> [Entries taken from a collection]
━━━━━━
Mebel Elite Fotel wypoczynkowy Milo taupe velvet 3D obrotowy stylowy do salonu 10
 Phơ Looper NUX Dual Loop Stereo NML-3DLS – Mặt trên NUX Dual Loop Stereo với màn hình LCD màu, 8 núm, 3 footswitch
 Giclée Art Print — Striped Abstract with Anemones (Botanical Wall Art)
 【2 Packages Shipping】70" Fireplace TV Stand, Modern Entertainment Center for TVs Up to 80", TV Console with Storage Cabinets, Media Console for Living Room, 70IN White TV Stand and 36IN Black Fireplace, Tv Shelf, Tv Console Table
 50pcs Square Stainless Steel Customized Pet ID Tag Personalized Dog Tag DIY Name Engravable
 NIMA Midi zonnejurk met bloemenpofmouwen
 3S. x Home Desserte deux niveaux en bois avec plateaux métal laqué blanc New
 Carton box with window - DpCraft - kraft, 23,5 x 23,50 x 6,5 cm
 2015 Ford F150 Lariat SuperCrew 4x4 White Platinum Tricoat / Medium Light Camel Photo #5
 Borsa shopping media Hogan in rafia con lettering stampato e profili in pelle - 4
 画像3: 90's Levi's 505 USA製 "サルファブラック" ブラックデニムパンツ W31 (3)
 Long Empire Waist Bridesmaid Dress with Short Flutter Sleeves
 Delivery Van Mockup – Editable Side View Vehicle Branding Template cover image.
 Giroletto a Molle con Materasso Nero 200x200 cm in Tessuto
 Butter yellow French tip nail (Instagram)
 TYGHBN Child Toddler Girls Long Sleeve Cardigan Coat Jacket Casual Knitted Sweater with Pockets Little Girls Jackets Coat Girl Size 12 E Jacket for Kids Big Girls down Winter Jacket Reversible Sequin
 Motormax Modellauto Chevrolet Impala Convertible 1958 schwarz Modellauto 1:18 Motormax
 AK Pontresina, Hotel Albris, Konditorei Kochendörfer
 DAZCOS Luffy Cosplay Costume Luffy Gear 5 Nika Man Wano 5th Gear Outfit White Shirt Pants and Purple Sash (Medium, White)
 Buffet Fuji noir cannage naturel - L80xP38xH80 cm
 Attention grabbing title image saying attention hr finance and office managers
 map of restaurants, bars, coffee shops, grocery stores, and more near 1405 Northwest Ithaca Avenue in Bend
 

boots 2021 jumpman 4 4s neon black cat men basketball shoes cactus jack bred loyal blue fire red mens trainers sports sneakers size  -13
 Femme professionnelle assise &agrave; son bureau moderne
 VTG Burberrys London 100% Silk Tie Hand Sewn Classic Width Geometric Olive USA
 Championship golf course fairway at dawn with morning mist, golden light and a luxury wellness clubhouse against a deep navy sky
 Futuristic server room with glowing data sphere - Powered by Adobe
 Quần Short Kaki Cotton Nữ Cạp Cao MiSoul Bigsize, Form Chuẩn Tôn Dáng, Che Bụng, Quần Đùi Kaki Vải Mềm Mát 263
━━━━━━
> [What you will do]
All the data above should be restated in full, exactly.

> [Result of this exercise]
Mebel Elite Fotel wypoczynkowy Milo taupe velvet 3D obrotowy stylowy do salonu 10
 Phơ Looper NUX Dual Loop Stereo NML-3DLS – Mặt trên NUX Dual Loop Stereo với màn hình LCD màu, 8 núm, 3 footswitch
 Giclée Art Print — Striped Abstract with Anemones (Botanical Wall Art)
 【2 Packages Shipping】70" Fireplace TV Stand, Modern Entertainment Center for TVs Up to 80", TV Console with Storage Cabinets, Media Console for Living Room, 70IN White TV Stand and 36IN Black Fireplace, Tv Shelf, Tv Console Table
 50pcs Square Stainless Steel Customized Pet ID Tag Personalized Dog Tag DIY Name Engravable
 NIMA Midi zonnejurk met bloemenpofmouwen
 3S. x Home Desserte deux niveaux en bois avec plateaux métal laqué blanc New
 Carton box with window - DpCraft - kraft, 23,5 x 23,50 x 6,5 cm
 2015 Ford F150 Lariat SuperCrew 4x4 White Platinum Tricoat / Medium Light Camel Photo #5
 Borsa shopping media Hogan in rafia con lettering stampato e profili in pelle - 4
 画像3: 90's Levi's 505 USA製 "サルファブラック" ブラックデニムパンツ W31 (3)
 Long Empire Waist Bridesmaid Dress with Short Flutter Sleeves
 Delivery Van Mockup – Editable Side View Vehicle Branding Template cover image.
 Giroletto a Molle con Materasso Nero 200x200 cm in Tessuto
 Butter yellow French tip nail (Instagram)
 TYGHBN Child Toddler Girls Long Sleeve Cardigan Coat Jacket Casual Knitted Sweater with Pockets Little Girls Jackets Coat Girl Size 12 E Jacket for Kids Big Girls down Winter Jacket Reversible Sequin
 Motormax Modellauto Chevrolet Impala Convertible 1958 schwarz Modellauto 1:18 Motormax
 AK Pontresina, Hotel Albris, Konditorei Kochendörfer
 DAZCOS Luffy Cosplay Costume Luffy Gear 5 Nika Man Wano 5th Gear Outfit White Shirt Pants and Purple Sash (Medium, White)
 Buffet Fuji noir cannage naturel - L80xP38xH80 cm
 Attention grabbing title image saying attention hr finance and office managers
 map of restaurants, bars, coffee shops, grocery stores, and more near 1405 Northwest Ithaca Avenue in Bend
 

boots 2021 jumpman 4 4s neon black cat men basketball shoes cactus jack bred loyal blue fire red mens trainers sports sneakers size  -13
 Femme professionnelle assise &agrave; son bureau moderne
 VTG Burberrys London 100% Silk Tie Hand Sewn Classic Width Geometric Olive USA
 Championship golf course fairway at dawn with morning mist, golden light and a luxury wellness clubhouse against a deep navy sky
 Futuristic server room with glowing data sphere - Powered by Adobe
 Quần Short Kaki Cotton Nữ Cạp Cao MiSoul Bigsize, Form Chuẩn Tôn Dáng, Che Bụng, Quần Đùi Kaki Vải Mềm Mát 263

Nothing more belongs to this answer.